Opportunités numériques

Les mesures de préparation à un éventuel retour de l’école à distance (« Ma classe à la maison » via le CNED, ENT, etc.) rendent plus visibles que jamais l’esprit dans lequel est perçu le métier d’enseignant par le gouvernement. Disons-le brutalement : le prof n’est autre qu’une machine à productions pédagogiques.

Que l’on consulte, conformément aux incitations qui nous proviennent de toute part, les pages ENT de chaque rectorat, les pages lycée.net, celles de « Ma classe à la maison », ou de reseau-canope.fr, partout c’est une profusion d’applis, de ressources, de liens, de fiches, de quiz, de tests, de partages de documents, de plateformes collaboratives,  de bases de données, dont la plupart sont inutiles et transforment l’enseignant en un ouvrier numérique, utilisateur de « mallettes », de « trousses » dans lesquelles il va puiser les « outils » appropriés à son niveau (école, collège, lycée), à sa discipline (français, maths…), à son usage (leçon, exercice, évaluation…) pour les soumettre aux élèves, destinataires ultimes d’une chaîne de transmission sans âme, dupliquée en tous lieux par tous les profs-machines.

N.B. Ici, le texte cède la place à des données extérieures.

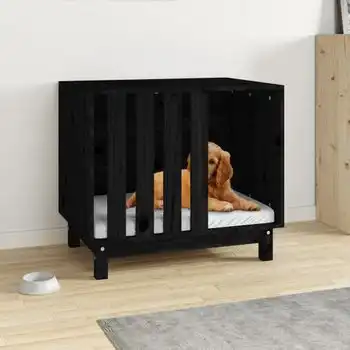 Caseta Para Perros | Perrera Exterior Madera Maciza De Pino Negro 70x50x62 Cm Cfw750353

Entre grand bazar et béquilles

Ce n’est pas de l’accompagnement, mais de la mécanisation. Ce n’est pas de la liberté, mais de l’uniformisation. Ce n’est pas de la valorisation, mais de la déqualification. Tous ces sites, toutes ces ressources pédagogiques, malgré leurs allures de caverne d’Ali Baba, manquent de ce qui fait la lumière, la dignité du métier de professeur, en l’occurrence le savoir. Le savoir n’est pas l’exposition pêle-mêle de documents, mais une mise en ordre des connaissances. Son modèle n’est pas le grand bazar, mais le musée, pas la brocante, mais le salon. Or, nulle part le renforcement des connaissances disciplinaires n’est proposé, nulle part l’accès au savoir universitaire n’est facilité. Avec de tels « outils », un prof ne peut consolider ses bases, fortifier ses compétences théoriques. Il ne peut qu’évoluer dans l’univers technique du « comment faire » : comment faire un cours, comment faire un exercice, comment faire une évaluation. Comme si le ministère préférait distribuer des béquilles plutôt que de muscler les jambes de son corps enseignant.

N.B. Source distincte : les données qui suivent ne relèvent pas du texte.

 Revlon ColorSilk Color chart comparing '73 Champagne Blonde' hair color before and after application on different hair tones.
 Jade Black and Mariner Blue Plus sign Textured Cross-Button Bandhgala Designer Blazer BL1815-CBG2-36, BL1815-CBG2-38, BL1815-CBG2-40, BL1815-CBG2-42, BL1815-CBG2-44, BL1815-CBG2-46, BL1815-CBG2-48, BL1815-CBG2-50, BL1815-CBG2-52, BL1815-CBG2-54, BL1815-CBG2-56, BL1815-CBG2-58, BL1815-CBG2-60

Ces béquilles, cela dit, ne sont pas forcément de mauvaise qualité : les contributeurs de contenus pédagogiques en ligne, les passeurs de savoir-faire numérique proposent très souvent des ressources fiables et appropriées aux classes destinataires, les bonnes intentions sont manifestes, plus sensibles que jamais depuis le confinement. D’une certaine manière se constitue un véritable réservoir d’exercices scolaires pour temps d’enseignement à distance ou, simplement, pour temps de  pédagogie simplifiée, mais, sur le fond, c’est la réduction de la formation de l’enseignant à l’usage de ces seules ressources ou techniques qui pose problème, négligeant l’horizon des formations universitaires, la fréquentation des grands savoirs historiques, critiques ou théoriques.

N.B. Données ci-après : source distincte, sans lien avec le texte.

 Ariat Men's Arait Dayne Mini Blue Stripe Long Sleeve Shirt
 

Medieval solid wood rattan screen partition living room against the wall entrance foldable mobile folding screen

C’est à croire que l’Éducation Nationale a définitivement renoncé à la compétence disciplinaire de ses professeurs (ce que confirmera bientôt la réforme du recrutement, ce que suggère déjà l’affaiblissement de l’Inspection générale), que le métier d’enseignant s’ouvre désormais aux nouveaux manœuvres de machines pédagogiques toutes-puissantes, les outils numériques automatisés rendant caduc le cours personnel, construit, nourri, appuyé sur un savoir de qualité universitaire.

Dans ces conditions, il semble bien révolu le temps où un professeur, nostalgique de ses années d’études, se définissait comme un éternel étudiant. Les merveilleuses opportunités pédagogiques du numérique sont aussi, hélas, de merveilleuses opportunités de déconsidération du métier.